Data for the task

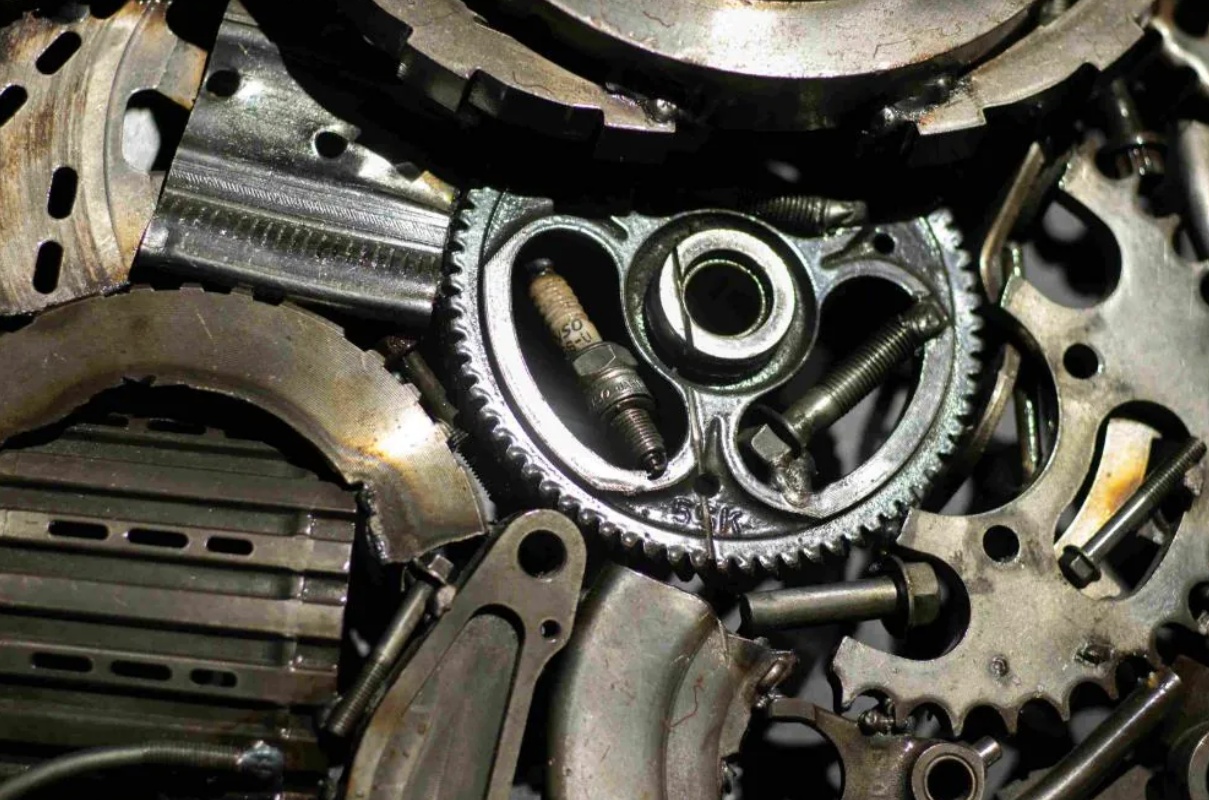 Close-up view of various interlocking metal gears, bolts, and spark plugs, showing the intricate components of a mechanical system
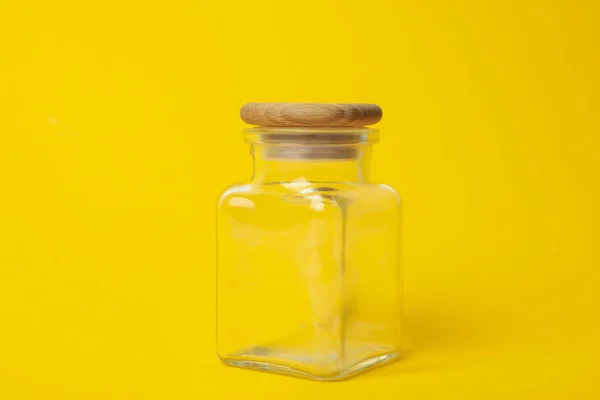 Frasco de vidro vazio fechado no fundo amarelo — Fotografia de Stock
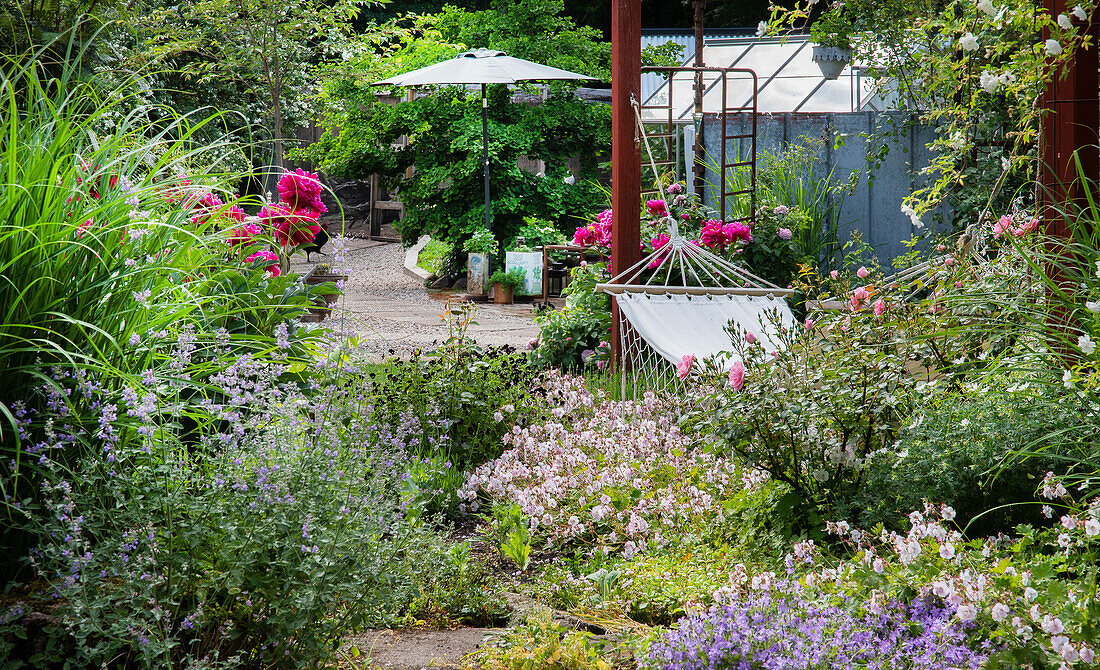 Flowering garden with hammock, sun umbrella and gravel path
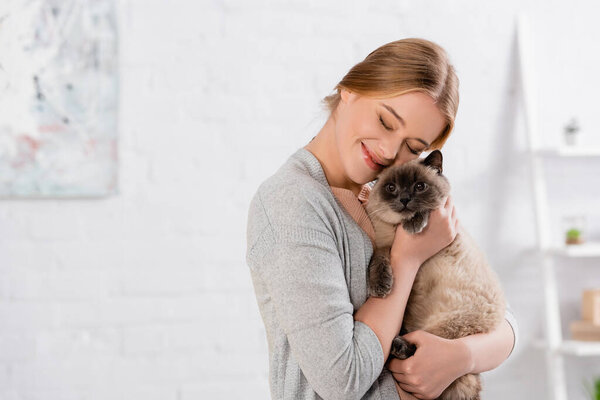 Smiling woman with closed eyes embracing siamese cat 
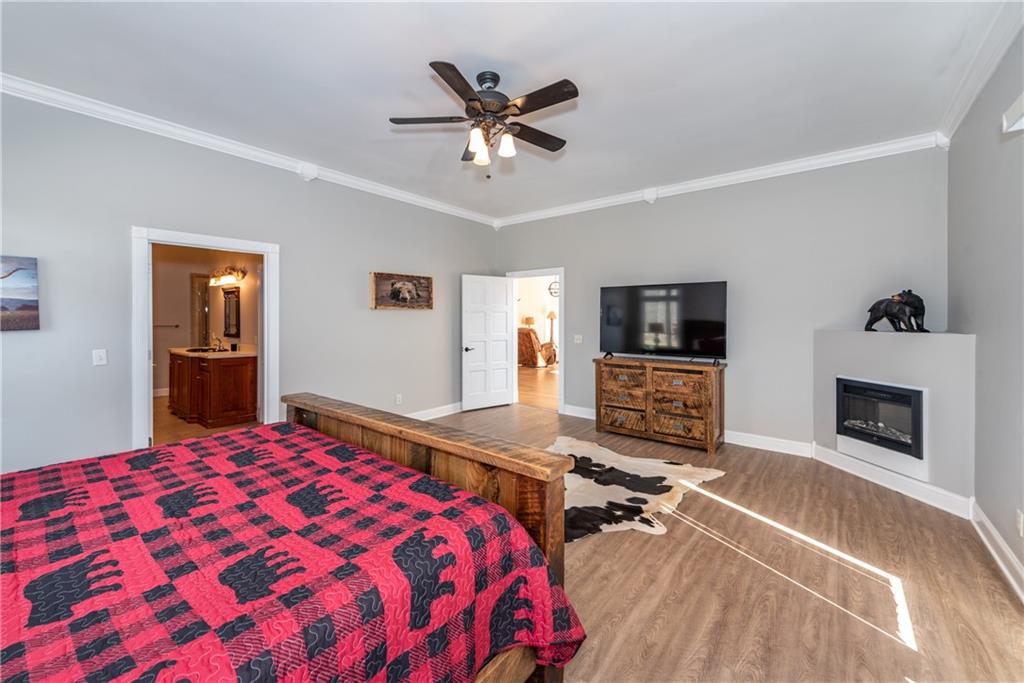 33-t J T J Mote Road Dahlonega, GA 30533 - Photo 53 of 59 a bedroom with a bed and a fireplace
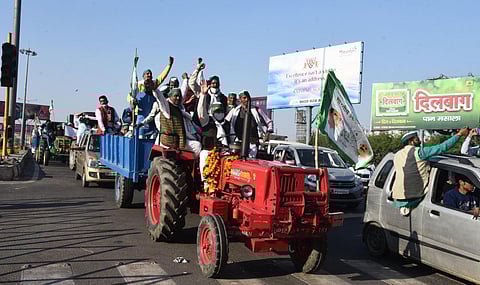 Bharatiya Kisan Union BKU members raise slogans as they ride on tractors at Ghazipur border during their Delhi Chalo protest march against the new farm laws in New Delhi. (Photo | Parveen Negi, EPS)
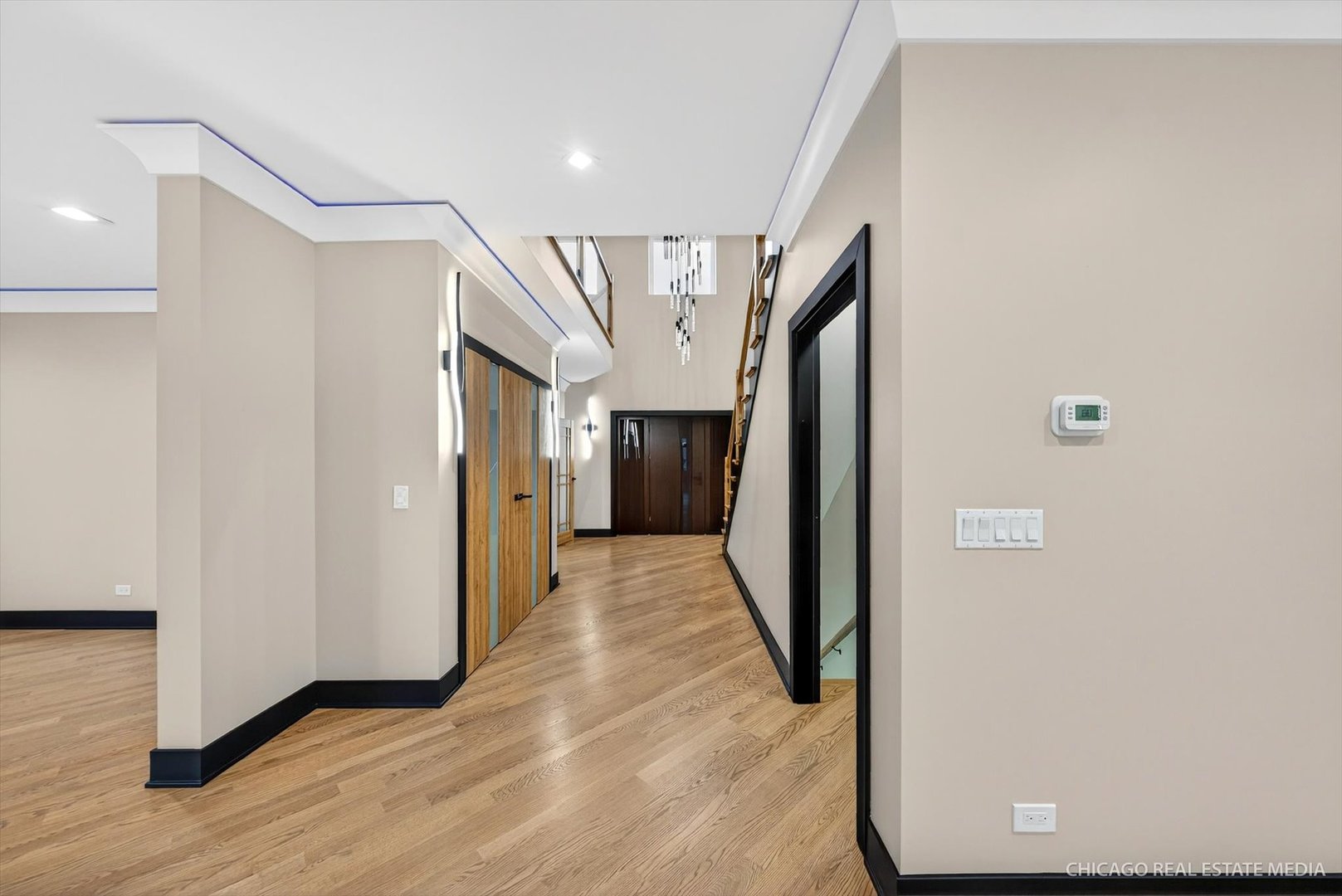 6090 Belmont Road Downers Grove, IL 60516 - Photo 13 of 75 a view of hallway with stairs and wooden floor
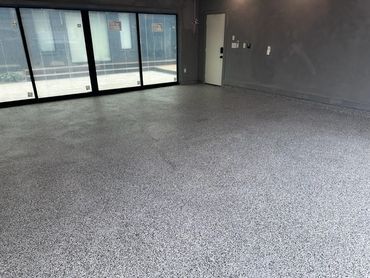 Empty room with speckled gray flooring and large windows.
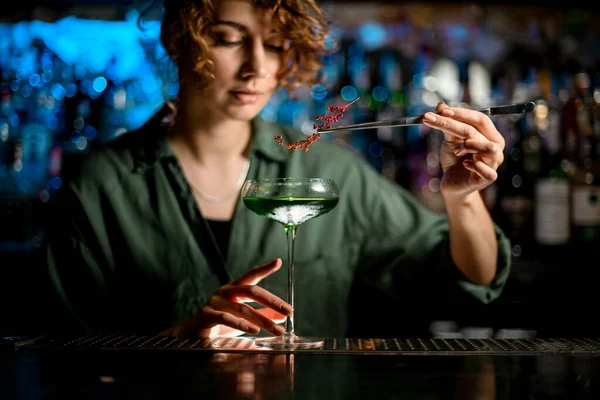 Giovane donna barista tiene il vetro con cocktail e lo decora — Foto Stock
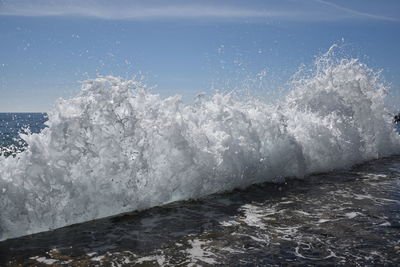 Water splashing in sea against sky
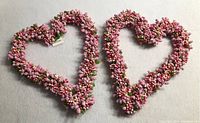 Two new heart-shaped wreaths decorated with small pink, white, and pastel-colored floral clusters and green leaves placed on a white surface.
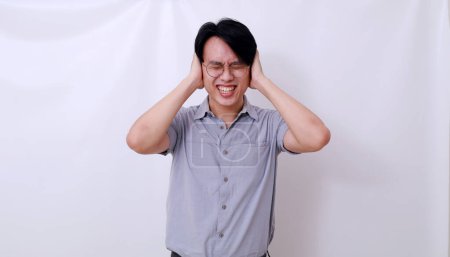Stressed asian man covering his ears from loud noises. Isolated on white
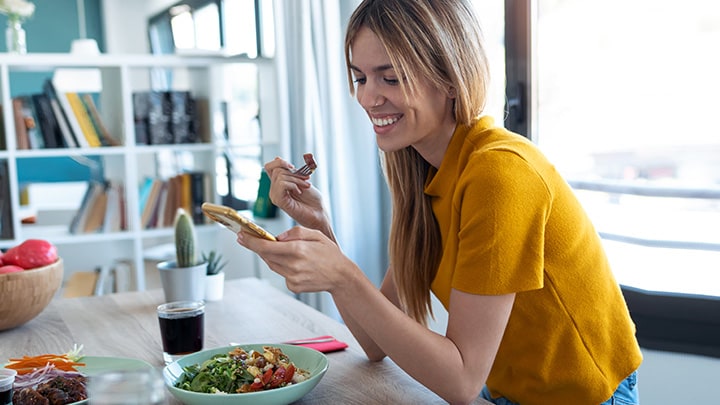 Young woman checking her device while eating a salad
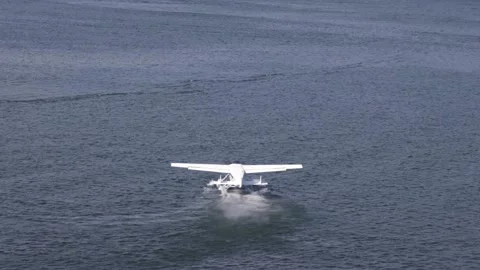 Float plane takes off from dark blue water of Vancouver Harbor Stock Footage 208239167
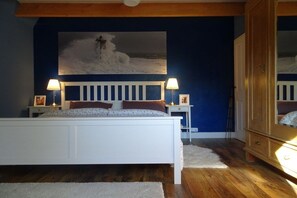A bedroom with a white bed, two bedside tables with lamps, a large painting on the wall, and a wooden wardrobe. - 4 holiday farm at Hemmelsdorfersee (Offendorf)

Task to carry out
Without altering a word, return all of the records above and leave out their pictures.

Task result
 Close-up view of various interlocking metal gears, bolts, and spark plugs, showing the intricate components of a mechanical system
 Frasco de vidro vazio fechado no fundo amarelo — Fotografia de Stock
 Flowering garden with hammock, sun umbrella and gravel path
 Smiling woman with closed eyes embracing siamese cat 
 33-t J T J Mote Road Dahlonega, GA 30533 - Photo 53 of 59 a bedroom with a bed and a fireplace
 Bharatiya Kisan Union BKU members raise slogans as they ride on tractors at Ghazipur border during their Delhi Chalo protest march against the new farm laws in New Delhi. (Photo | Parveen Negi, EPS)
 6090 Belmont Road Downers Grove, IL 60516 - Photo 13 of 75 a view of hallway with stairs and wooden floor
 Empty room with speckled gray flooring and large windows.
 Giovane donna barista tiene il vetro con cocktail e lo decora — Foto Stock
 Water splashing in sea against sky
 Two new heart-shaped wreaths decorated with small pink, white, and pastel-colored floral clusters and green leaves placed on a white surface.
Stressed asian man covering his ears from loud noises. Isolated on white
 Young woman checking her device while eating a salad
 Float plane takes off from dark blue water of Vancouver Harbor Stock Footage 208239167
A bedroom with a white bed, two bedside tables with lamps, a large painting on the wall, and a wooden wardrobe. - 4 holiday farm at Hemmelsdorfersee (Offendorf)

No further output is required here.